Recession? What recession? Billionaires getting richer
Philip Green with daughter Chloe
Britain’s Jewish billionaires, including Sir Philip Green and Sir Martin Sorrell, have seen their wealth rise this year despite continued economic gloom, according to the findings of the annual Sunday Times Rich List.
The list, now in its 25th year, profiles the 1,000 richest people in the country based on assets including land, property, art and shares. It will be published in full this weekend, with the least wealthy featured worth £75 million.
According to Ian Coxon, editor of the list, it will “reflect a very rosy picture of the wealthiest families and individuals in Britain”.
“The entry point is up £3 million on last year, and there is a record number billionaires in the new list,” he said.
Likely to be positioned high up is Chelsea Football Club owner, Roman Abramovich, whose £9,500 million fortune placed him third on the 2012 list and made him by far Britain’s wealthiest Jew.
Others who usually appear high up on the list include the Reuben brothers, placed eighth in 2012 for their £7,083 million fortune. Property entrepreneurs David and Simon Reuben, who are of Iraqi Jewish descent, have seen their wealth steadily increase since 2010, and have appeared in the top 10 for two consecutive years.

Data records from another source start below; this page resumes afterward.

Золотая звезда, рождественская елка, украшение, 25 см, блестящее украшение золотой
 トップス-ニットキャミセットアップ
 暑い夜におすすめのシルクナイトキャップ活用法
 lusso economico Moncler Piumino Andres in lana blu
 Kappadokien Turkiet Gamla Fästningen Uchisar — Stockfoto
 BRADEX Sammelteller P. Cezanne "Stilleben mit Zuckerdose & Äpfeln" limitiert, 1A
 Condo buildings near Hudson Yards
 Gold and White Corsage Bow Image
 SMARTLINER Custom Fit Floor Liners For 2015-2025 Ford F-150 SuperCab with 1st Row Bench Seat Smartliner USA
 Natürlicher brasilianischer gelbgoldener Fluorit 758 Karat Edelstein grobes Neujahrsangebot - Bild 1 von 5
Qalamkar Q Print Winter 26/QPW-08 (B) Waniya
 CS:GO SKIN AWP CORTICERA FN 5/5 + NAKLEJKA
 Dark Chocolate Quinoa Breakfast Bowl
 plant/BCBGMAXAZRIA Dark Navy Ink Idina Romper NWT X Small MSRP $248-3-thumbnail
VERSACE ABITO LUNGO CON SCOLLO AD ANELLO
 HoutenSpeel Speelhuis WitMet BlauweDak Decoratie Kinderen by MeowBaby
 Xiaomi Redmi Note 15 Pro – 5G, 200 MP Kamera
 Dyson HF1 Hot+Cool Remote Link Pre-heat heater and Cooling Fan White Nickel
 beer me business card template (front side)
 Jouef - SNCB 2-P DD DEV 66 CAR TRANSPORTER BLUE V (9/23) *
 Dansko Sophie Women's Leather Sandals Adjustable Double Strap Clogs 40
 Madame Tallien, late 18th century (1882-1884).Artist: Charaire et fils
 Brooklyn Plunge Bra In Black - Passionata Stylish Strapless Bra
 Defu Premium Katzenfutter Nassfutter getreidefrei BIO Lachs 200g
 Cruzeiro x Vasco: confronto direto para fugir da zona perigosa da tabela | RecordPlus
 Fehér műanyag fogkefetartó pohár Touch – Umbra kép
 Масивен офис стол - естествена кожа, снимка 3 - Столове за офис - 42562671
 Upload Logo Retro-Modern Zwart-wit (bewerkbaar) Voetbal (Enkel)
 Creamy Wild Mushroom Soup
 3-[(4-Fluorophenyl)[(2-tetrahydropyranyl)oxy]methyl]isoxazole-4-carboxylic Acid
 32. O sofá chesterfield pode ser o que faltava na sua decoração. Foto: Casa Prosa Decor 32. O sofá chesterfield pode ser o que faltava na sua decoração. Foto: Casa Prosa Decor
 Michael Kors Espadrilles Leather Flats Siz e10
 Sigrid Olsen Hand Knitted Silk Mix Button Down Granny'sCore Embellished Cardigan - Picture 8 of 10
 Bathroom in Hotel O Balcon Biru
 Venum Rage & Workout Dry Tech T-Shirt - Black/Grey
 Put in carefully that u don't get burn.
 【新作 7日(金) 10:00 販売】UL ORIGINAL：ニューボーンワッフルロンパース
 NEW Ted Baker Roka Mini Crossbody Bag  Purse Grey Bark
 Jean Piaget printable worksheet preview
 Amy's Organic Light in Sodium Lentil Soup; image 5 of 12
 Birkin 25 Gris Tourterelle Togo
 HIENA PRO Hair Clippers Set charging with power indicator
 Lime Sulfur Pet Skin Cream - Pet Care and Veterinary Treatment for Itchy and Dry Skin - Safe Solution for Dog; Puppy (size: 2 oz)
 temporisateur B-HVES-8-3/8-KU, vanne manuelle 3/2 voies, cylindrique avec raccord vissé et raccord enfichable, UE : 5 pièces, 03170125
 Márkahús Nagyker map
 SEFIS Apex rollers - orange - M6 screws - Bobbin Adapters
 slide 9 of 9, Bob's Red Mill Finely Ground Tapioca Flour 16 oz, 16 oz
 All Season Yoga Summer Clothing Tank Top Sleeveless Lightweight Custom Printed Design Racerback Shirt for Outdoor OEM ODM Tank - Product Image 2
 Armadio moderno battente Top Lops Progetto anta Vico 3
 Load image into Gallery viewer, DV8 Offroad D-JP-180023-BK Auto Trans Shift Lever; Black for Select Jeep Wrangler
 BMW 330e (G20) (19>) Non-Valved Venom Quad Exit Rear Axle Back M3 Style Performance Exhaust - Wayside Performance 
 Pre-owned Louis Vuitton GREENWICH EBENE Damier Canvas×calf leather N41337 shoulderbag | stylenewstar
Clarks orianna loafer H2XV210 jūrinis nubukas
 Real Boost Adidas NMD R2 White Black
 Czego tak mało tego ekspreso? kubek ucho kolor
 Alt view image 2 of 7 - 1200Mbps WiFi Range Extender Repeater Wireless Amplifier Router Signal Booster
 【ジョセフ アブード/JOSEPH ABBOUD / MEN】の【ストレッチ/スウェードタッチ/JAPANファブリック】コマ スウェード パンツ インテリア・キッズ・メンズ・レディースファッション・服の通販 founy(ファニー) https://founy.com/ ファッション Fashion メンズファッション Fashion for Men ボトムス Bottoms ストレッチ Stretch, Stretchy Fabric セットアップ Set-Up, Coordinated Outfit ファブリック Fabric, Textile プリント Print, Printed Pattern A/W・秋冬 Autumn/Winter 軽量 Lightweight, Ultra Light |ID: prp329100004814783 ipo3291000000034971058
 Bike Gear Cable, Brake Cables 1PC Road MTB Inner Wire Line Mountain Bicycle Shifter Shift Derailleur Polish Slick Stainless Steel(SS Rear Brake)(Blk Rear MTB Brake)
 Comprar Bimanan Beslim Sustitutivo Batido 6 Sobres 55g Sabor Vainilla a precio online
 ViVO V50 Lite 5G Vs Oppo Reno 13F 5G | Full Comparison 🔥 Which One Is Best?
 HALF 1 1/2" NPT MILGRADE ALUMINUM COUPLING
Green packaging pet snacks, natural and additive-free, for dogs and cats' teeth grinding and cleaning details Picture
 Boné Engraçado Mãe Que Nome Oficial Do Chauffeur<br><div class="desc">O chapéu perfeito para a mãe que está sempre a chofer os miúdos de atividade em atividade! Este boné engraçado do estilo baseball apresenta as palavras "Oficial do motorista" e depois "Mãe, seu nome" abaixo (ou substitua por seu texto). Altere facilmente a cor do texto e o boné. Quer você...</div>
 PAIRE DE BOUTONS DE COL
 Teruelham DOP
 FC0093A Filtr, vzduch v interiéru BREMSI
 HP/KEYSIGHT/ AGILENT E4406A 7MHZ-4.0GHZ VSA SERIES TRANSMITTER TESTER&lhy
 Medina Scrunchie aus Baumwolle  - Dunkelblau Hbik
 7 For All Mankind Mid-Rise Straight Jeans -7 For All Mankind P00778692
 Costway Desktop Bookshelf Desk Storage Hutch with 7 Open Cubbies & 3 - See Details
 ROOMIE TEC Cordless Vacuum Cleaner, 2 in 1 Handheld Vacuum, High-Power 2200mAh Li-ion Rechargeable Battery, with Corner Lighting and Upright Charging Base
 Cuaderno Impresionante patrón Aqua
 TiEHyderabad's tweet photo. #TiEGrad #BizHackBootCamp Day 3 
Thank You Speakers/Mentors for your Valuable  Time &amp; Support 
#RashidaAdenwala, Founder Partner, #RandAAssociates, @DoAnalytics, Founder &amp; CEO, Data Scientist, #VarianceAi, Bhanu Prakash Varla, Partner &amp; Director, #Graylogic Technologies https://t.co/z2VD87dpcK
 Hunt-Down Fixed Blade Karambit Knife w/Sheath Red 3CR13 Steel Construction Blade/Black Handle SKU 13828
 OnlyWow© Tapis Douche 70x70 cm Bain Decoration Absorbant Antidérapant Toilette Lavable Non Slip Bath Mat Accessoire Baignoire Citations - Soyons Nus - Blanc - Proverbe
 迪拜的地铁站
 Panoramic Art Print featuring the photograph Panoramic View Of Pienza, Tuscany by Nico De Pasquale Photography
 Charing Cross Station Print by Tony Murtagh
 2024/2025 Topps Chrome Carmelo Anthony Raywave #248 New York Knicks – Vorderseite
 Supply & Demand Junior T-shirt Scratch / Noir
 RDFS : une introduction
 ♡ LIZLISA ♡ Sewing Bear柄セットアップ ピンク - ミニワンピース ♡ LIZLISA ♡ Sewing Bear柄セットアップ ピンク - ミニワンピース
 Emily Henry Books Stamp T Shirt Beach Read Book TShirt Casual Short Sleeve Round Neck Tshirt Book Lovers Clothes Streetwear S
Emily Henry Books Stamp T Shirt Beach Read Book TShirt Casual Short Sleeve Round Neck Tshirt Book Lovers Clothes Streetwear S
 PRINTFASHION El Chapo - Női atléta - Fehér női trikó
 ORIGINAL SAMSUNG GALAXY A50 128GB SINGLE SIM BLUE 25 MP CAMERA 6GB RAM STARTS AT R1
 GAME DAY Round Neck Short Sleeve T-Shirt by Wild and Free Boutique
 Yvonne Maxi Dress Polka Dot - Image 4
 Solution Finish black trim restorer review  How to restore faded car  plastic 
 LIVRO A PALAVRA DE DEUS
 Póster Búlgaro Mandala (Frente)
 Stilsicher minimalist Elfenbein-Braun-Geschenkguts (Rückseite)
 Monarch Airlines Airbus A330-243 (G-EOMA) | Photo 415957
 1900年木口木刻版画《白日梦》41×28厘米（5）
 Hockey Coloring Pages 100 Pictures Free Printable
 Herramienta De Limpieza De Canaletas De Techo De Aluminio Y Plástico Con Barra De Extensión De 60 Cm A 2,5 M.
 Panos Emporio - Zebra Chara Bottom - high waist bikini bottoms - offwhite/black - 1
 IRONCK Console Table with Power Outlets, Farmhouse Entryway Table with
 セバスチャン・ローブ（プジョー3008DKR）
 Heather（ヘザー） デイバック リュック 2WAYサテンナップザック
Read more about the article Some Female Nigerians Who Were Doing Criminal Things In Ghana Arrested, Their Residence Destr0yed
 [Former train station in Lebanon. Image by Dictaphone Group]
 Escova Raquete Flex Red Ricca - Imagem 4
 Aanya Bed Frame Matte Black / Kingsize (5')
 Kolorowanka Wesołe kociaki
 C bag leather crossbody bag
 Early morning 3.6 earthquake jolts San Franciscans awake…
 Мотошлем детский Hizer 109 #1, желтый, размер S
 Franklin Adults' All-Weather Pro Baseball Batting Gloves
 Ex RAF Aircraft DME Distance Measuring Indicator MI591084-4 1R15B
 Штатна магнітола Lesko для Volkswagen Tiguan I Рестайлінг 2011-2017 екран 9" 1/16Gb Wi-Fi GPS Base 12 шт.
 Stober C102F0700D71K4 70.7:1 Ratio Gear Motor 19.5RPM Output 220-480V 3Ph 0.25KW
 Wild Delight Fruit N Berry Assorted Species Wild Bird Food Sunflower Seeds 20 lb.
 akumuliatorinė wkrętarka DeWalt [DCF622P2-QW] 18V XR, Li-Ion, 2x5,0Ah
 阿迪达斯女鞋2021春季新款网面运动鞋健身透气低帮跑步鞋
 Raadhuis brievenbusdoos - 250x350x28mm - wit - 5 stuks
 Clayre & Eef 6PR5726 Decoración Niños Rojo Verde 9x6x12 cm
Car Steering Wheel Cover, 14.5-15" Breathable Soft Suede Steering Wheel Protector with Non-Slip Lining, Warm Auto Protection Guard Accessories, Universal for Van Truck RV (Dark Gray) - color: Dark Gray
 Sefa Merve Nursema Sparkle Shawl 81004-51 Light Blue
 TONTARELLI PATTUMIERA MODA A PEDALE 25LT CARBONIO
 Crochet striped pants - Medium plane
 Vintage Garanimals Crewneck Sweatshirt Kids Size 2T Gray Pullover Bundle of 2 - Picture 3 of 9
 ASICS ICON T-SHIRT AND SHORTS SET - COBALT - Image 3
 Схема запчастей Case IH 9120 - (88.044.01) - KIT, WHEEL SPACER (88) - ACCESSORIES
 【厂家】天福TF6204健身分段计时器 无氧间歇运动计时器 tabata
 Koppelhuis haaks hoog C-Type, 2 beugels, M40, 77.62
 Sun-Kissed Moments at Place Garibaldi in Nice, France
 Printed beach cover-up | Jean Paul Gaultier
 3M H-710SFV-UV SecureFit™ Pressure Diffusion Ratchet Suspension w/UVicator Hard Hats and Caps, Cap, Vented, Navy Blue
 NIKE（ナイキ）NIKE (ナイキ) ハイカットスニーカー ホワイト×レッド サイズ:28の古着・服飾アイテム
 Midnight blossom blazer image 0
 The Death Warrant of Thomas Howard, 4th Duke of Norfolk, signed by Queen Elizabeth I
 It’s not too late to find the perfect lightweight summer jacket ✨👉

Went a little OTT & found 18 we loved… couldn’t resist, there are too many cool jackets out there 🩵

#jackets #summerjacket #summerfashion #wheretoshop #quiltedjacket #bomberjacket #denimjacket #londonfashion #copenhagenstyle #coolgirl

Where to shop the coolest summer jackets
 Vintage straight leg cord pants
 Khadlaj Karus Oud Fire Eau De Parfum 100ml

Certainly, purse-tightening has not found its way to those parts of the high street controlled by retailing entrepreneur Sir Philip and his wife, who were ranked 17th on the 2012 Rich List. Their fortune has risen by nearly £600 million in the past 12 months, following the £2 billion sale of a stake in Topshop and Topman.
In advertising, brothers Maurice and Charles Saatchi have enjoyed a £5 million rise in their worth, while WPP chief executive Sir Martin has had a bumper year, with his wealth increasing from £174 million to £210 million.
Bernard Lewis and his family, owners of the River Island fashion chain, saw no change in their fortunes, while sportswear entrepreneur Stephen Rubin is £100 million better off than he was last April.